During its original run, the hit New-York-based sitcom was often criticised for featuring an entirely-white cast, a debate which has continued to surround it to this day.
After Friends co-creator Marta Kauffman apologised for this absence of diversity, and pledged $4 million to Brandeis University’s African and African American studies department, Lisa was asked for her thoughts during a recent interview with The Daily Beast.
“Well, I feel like it was a show created by two people who went to Brandeis and wrote about their lives after college,” she said.
“And for shows especially, when it’s going to be a comedy that’s character-driven, you write what you know. They have no business writing stories about the experiences of being a person of colour.”

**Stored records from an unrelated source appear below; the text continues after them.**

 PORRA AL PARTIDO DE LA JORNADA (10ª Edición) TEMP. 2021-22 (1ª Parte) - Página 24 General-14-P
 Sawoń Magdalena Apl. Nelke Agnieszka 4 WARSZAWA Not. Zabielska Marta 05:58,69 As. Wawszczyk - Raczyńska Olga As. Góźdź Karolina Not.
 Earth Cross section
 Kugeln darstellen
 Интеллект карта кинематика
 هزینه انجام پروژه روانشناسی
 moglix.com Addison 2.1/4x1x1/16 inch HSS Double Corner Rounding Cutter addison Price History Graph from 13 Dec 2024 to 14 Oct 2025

The Phoebe Buffay actor added: “I think at that time, the big problem that I was seeing was, ‘Where’s the apprenticeship?’.”
Asked about the Emmy-winning show back in 2020, Lisa said she thought it would be “completely different” were it made in the present day.
“Well, it would not be an all-white cast, for sure. I’m not sure what else, but, to me, it should be looked at as a time capsule, not for what they did wrong,” she said.
Lisa added: “Also, this show thought it was very progressive. There was a guy whose wife discovered she was gay and pregnant, and they raised the child together? We had surrogacy too. It was, at the time, progressive.
“Yes, it’s a fun comedy. But it’s also about people connecting, and part of what appeals about it now is that young people have this unconscious nostalgia for personal connection. And not just right now during the pandemic, but before that.”